-- Collected data follows --

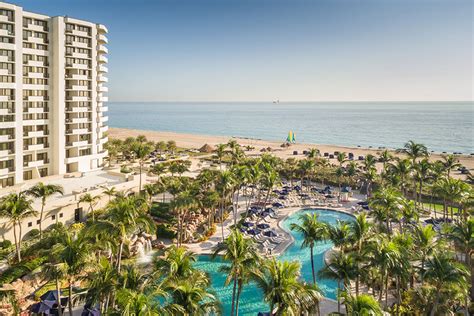 Fort Lauderdale Marriott Harbor Beach Resort And Spa Hotel Deals Allegiant®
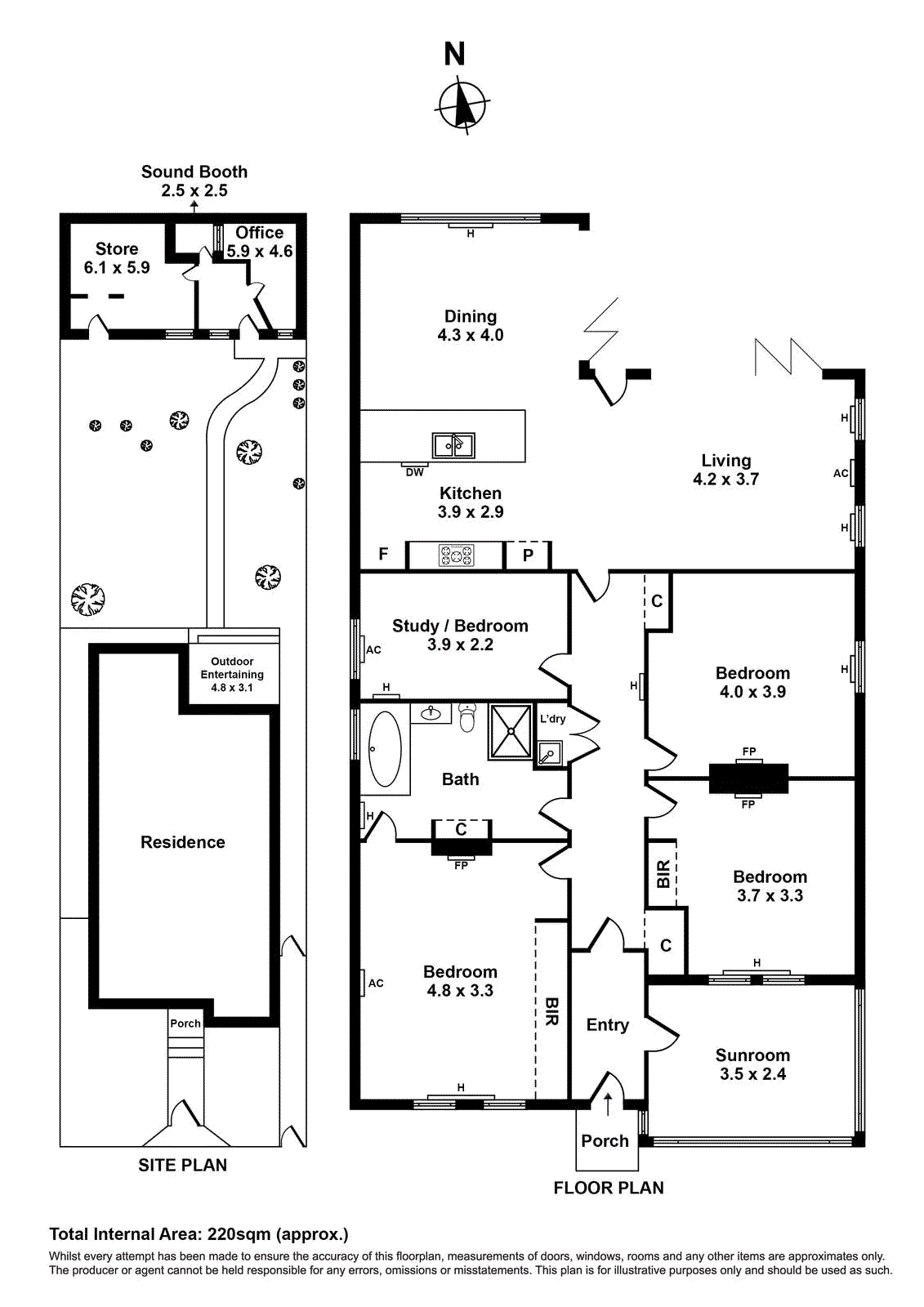 28 Princess Street, Seddon VIC 3011 - Floorplan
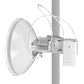 Antena Dish SANNY 4,9-6,5 GHz 23 dBi, 2x2 Doble Polarización Slant 45°, 2 N-Hembra - DISH-6G23 - Miniatura 6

-- Collected data concluded --

* Work required:
In full and without changes, repeat the listing above, but not its pictures.

* Exercise solution:
 Fort Lauderdale Marriott Harbor Beach Resort And Spa Hotel Deals Allegiant®
 28 Princess Street, Seddon VIC 3011 - Floorplan
 Antena Dish SANNY 4,9-6,5 GHz 23 dBi, 2x2 Doble Polarización Slant 45°, 2 N-Hembra - DISH-6G23 - Miniatura 6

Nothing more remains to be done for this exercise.